Vers la fin de la pause déjeuner ? 

À ce rythme-là, la pause déjeuner pourrait-elle être amenée à disparaître ? Selon le psychologue du travail Adrien Chignard, c’est inenvisageable :  « Manger reste un plaisir pour la majorité des Français, souligne-t-il. Vous voyez très rarement des gens déjeuner dans les transports en commun, alors qu’au Royaume-Uni cette pratique ne choque personne… Le premier rempart contre la dépression psychologique dans une entreprise, c’est le soutien des pairs ». Cette cohésion est bénéfique pour les salariés, mais également pour les patrons souvent soucieux du bien-être et donc de la productivité de ses employés. 

Ce qui doit ressortir de tout cela, c’est que chacun doit pouvoir se sentir libre de mener son temps de pause comme il le souhaite.
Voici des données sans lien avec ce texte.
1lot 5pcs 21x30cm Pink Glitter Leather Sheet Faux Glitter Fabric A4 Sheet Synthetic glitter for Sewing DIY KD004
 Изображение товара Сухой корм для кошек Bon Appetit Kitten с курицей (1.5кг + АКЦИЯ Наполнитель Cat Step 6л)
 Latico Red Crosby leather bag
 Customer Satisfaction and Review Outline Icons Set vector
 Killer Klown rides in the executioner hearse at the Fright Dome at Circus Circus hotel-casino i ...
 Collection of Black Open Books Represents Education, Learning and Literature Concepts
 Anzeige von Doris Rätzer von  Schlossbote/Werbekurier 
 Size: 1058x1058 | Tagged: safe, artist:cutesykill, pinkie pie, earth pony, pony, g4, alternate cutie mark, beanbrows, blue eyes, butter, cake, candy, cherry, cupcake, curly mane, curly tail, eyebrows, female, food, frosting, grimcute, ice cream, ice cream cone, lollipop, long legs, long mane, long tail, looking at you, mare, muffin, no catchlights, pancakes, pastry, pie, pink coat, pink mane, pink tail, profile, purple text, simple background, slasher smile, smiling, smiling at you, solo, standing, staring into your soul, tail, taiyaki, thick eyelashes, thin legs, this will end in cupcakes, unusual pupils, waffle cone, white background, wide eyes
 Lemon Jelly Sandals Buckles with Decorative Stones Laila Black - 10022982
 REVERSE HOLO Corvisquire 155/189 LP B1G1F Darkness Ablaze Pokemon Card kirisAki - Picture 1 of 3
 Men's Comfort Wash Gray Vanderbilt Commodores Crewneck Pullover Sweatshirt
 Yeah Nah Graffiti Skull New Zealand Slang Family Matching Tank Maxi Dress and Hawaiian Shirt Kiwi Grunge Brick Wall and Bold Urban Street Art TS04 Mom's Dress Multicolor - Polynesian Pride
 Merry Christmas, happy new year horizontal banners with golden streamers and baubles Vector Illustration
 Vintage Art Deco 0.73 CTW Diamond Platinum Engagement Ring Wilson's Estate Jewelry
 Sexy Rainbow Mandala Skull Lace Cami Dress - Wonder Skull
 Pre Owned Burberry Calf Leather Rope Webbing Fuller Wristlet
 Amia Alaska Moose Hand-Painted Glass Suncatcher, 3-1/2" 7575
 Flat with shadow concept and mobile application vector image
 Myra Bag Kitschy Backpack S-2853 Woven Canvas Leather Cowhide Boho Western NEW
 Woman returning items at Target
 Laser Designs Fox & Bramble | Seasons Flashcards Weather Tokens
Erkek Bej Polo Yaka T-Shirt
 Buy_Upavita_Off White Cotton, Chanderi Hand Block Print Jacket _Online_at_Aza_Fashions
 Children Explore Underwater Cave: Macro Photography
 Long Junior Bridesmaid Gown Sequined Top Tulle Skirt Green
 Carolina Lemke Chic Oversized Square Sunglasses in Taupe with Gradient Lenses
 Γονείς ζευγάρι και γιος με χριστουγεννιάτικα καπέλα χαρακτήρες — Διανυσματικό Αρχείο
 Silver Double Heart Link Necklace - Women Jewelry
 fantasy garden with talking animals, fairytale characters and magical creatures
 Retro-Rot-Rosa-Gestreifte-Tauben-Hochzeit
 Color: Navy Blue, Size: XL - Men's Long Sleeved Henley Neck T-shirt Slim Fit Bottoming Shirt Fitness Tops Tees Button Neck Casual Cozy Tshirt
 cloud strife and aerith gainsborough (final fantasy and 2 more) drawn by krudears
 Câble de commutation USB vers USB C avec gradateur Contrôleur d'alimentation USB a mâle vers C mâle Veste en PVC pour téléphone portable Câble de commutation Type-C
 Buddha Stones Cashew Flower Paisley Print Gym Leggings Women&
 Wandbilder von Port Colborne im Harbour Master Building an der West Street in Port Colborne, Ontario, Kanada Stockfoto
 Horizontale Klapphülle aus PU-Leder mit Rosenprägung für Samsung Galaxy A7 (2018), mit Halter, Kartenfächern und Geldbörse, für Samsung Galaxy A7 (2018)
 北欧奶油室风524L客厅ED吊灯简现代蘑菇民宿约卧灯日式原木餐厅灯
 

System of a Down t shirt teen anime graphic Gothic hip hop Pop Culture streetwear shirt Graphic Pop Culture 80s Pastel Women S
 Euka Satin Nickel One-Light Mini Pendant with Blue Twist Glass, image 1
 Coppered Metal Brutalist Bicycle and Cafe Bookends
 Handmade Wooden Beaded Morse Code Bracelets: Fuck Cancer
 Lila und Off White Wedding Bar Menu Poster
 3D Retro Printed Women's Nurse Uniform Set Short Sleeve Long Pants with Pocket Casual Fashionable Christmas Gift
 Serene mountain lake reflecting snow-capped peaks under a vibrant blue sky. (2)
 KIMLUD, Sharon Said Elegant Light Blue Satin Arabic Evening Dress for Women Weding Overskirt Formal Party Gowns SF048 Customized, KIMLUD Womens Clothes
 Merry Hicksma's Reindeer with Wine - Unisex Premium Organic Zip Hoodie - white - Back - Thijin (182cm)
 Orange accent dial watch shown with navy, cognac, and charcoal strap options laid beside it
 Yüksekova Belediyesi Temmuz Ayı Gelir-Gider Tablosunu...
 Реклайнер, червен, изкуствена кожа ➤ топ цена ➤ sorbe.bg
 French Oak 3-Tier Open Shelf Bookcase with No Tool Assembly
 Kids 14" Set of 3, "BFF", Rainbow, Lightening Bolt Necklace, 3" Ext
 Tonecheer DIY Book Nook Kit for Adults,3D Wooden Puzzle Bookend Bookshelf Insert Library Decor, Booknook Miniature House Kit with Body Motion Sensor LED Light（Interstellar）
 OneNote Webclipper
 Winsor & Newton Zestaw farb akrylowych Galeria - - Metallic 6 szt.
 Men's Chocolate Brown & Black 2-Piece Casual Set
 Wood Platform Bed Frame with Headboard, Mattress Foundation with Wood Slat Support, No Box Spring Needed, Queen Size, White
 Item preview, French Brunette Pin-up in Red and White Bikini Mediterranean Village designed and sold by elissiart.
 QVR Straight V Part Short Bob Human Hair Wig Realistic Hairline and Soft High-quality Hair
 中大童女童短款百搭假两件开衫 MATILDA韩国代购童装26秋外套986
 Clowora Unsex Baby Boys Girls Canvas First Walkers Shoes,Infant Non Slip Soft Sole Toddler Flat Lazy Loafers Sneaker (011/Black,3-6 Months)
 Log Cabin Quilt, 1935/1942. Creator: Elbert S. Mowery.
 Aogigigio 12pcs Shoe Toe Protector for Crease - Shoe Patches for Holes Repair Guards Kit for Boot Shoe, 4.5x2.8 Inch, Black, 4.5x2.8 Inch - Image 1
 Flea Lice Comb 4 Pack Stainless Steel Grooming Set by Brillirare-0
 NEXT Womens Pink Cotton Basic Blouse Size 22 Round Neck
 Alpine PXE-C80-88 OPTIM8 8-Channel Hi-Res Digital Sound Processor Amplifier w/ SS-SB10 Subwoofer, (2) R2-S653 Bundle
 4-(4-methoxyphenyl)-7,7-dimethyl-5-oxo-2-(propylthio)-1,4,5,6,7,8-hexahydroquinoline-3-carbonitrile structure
Certaines personnes préfèrent une passe déjeuner au calme par exemple, après une matinée agitée passée dans un open space bruyant. Comme le conclu Adrien Chignard : « Dans tous les cas, ce moment doit être contrastant, affirme le psychologue du travail. En se focalisant sur autre chose que les e-mails et la pile de dossiers, on se détend et on peut ainsi restaurer nos capacités attentionnelles. »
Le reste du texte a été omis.